Stored data

·····

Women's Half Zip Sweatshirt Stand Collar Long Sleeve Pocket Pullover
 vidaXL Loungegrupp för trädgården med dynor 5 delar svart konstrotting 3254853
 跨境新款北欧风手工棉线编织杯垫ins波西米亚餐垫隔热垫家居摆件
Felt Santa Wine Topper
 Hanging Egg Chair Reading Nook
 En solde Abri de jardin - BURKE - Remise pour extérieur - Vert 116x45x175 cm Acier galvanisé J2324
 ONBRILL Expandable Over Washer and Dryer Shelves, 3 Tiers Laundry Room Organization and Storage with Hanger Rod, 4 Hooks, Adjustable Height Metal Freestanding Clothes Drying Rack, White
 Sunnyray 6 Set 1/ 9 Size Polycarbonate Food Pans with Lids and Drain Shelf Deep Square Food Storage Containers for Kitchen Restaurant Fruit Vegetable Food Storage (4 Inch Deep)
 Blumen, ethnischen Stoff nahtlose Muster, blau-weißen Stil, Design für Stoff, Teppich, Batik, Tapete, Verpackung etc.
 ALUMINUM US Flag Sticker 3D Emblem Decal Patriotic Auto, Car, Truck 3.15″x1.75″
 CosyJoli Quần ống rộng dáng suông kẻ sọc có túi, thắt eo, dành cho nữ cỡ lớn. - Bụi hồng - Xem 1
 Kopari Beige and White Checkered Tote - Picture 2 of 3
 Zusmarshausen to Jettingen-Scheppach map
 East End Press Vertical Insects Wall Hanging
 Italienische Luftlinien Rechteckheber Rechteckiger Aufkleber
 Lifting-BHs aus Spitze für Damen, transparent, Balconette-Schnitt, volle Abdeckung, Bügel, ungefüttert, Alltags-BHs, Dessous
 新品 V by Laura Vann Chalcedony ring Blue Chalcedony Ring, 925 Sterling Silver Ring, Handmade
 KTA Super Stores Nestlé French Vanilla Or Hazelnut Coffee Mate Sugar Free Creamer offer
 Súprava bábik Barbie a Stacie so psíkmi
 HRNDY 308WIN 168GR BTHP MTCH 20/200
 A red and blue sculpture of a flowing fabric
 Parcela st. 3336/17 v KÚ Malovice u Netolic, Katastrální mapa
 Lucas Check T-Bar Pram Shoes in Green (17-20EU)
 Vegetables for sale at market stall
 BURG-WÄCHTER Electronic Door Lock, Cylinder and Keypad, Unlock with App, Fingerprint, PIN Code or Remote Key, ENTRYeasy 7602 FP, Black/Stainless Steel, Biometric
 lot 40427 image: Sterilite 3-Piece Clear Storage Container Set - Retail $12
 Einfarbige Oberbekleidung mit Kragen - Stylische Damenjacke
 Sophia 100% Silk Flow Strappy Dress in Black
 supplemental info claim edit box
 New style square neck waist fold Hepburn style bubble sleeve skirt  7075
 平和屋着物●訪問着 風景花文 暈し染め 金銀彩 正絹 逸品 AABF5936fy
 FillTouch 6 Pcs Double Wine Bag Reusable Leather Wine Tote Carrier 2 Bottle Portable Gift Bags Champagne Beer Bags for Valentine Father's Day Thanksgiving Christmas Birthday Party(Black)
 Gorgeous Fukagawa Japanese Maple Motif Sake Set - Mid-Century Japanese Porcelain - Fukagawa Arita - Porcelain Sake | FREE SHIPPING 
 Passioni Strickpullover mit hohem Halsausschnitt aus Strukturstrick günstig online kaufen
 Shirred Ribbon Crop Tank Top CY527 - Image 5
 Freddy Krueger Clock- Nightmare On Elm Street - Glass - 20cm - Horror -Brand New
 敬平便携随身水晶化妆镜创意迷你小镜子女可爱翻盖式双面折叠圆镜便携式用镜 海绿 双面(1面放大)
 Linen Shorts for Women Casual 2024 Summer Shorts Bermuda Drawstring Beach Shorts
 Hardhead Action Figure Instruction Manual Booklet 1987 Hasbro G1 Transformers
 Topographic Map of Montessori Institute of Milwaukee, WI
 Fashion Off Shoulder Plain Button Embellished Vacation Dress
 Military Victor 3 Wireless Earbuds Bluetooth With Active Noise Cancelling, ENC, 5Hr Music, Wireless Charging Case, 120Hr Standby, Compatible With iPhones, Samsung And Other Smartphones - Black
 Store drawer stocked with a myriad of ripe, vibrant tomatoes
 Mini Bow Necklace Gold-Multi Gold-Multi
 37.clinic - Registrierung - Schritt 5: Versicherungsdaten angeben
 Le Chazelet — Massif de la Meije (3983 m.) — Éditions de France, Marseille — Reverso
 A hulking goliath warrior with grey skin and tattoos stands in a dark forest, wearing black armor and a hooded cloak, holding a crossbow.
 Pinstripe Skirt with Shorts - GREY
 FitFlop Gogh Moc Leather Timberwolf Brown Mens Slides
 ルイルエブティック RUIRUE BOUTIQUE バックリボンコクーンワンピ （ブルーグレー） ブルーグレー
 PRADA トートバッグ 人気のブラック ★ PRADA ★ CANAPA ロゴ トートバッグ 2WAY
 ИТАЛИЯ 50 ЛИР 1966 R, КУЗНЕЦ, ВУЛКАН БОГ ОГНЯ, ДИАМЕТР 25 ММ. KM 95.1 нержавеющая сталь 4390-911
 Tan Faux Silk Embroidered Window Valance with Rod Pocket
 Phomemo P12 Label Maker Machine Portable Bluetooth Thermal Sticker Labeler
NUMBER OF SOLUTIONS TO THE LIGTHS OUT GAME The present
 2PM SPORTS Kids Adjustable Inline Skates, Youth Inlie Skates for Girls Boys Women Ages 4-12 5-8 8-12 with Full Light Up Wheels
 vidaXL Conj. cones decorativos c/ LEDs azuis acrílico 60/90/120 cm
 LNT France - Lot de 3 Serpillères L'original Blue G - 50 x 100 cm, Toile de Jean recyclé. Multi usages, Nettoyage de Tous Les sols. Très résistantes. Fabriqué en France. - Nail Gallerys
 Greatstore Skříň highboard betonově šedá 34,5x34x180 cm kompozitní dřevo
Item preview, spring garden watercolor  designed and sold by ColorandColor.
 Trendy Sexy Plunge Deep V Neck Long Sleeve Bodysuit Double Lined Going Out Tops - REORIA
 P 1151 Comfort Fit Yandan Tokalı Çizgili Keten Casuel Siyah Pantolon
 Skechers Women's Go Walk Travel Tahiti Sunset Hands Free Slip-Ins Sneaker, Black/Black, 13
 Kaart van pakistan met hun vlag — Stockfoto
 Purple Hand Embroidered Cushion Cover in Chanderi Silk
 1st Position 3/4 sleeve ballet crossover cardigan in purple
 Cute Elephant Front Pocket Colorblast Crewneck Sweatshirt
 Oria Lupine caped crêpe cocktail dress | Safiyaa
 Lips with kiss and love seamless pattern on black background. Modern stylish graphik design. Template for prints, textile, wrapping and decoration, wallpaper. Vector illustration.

·····

(Work request): Each line of the records with the word "Adjustable" in it is to be copied.

(Answer to the exercise):
 ONBRILL Expandable Over Washer and Dryer Shelves, 3 Tiers Laundry Room Organization and Storage with Hanger Rod, 4 Hooks, Adjustable Height Metal Freestanding Clothes Drying Rack, White
 2PM SPORTS Kids Adjustable Inline Skates, Youth Inlie Skates for Girls Boys Women Ages 4-12 5-8 8-12 with Full Light Up Wheels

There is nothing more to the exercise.